W I T N E S S E T H :
WHEREAS, prior to the date hereof, Corelli and certain members of his
family were the owners of twenty eight (28%) of the issued and outstanding
shares of capital stock of the Company;
WHEREAS, pursuant to the provisions of a settlement agreement, dated March
__, 1999 (the "Settlement Agreement") by and among Interiors, Inc., a Delaware
corporation ("Interiors"), DMB Property Ventures Limited Partnership, a Delaware
limited partnership, Xxxx X. Xxxxx, Xxxx X. Xxxxx, the Xxxxxxx Xxxxxxxx Trust,
the Xxxxxxx Xxxxxxxx Jr. Trust, the Xxxxxx Xxxxxxxx Trust, and the Xxxxxxxx 1995
Issue Trust, Xxxx X. Xxxxxxx, Xxxxxxxxxxx Xxxxxxx and the Company and the
related "Interiors Purchase Agreement" (as defined in the Settlement Agreement),
Interiors has purchased on the date hereof, 100% of the shares of capital stock
of the Company from the "Majority Stockholders" and the "Minority Stockholders"
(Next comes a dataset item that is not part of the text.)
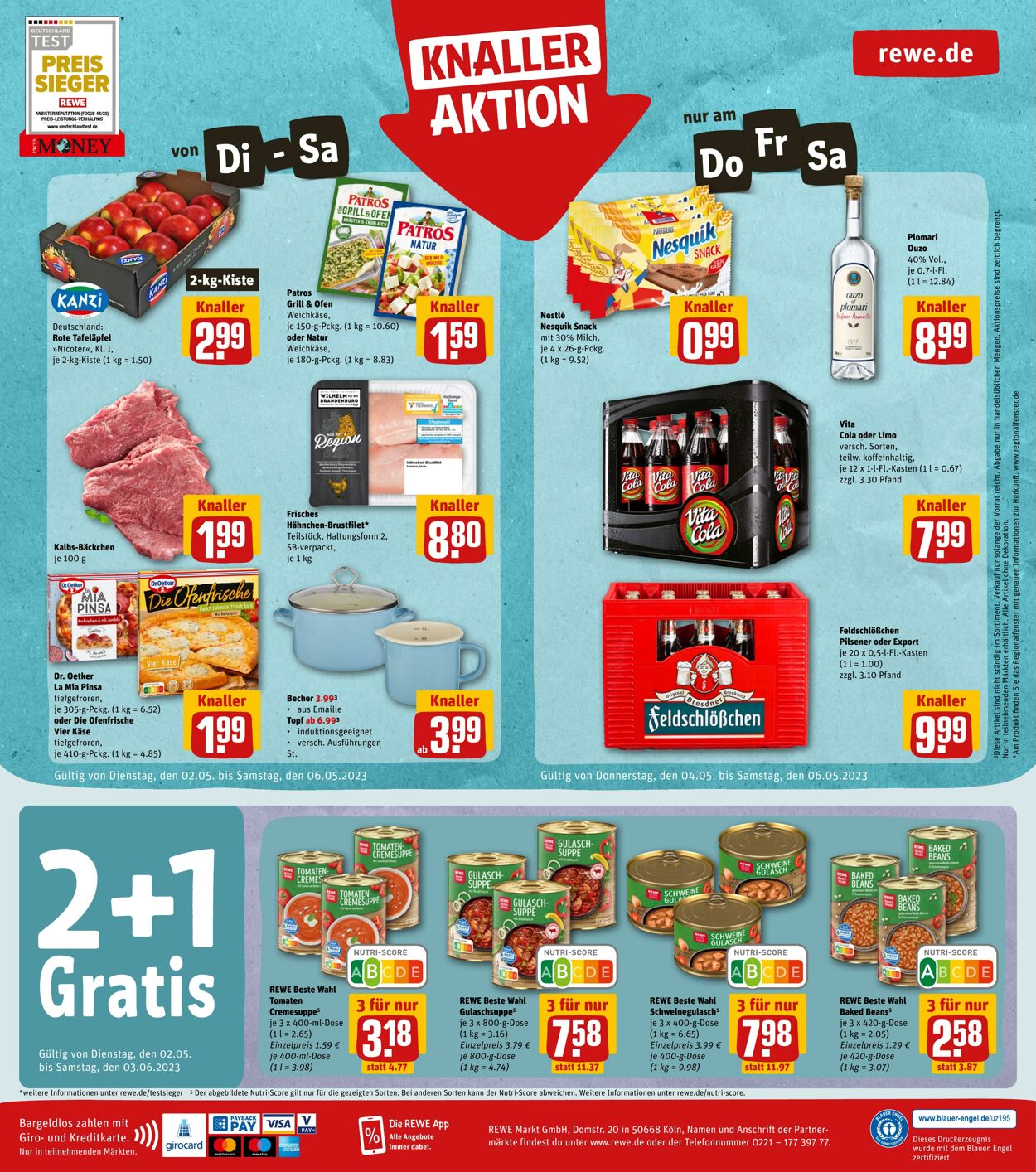 Prospekt Rewe 01.05.2023 - 06.05.2023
(as those terms are defined in the Settlement Agreement); and
WHEREAS, as part of the transactions contemplated by the Settlement
Agreement, Corelli has (a) sold to the Company, and the Company has purchased
and paid Corelli for, all of his shares of capital stock of the Company, and (b)
received from the Company and Interiors a severance agreement, dated of even
date herewith (the "Severance Agreement") in connection with his resignation as
an officer, employee and member of the board of directors of the Company; and
WHEREAS, in consideration of the payments made to Corelli under the
Settlement Agreement and to be made to Corelli under the Severance Agreement,
Corelli has agreed to enter into this Agreement with the Company.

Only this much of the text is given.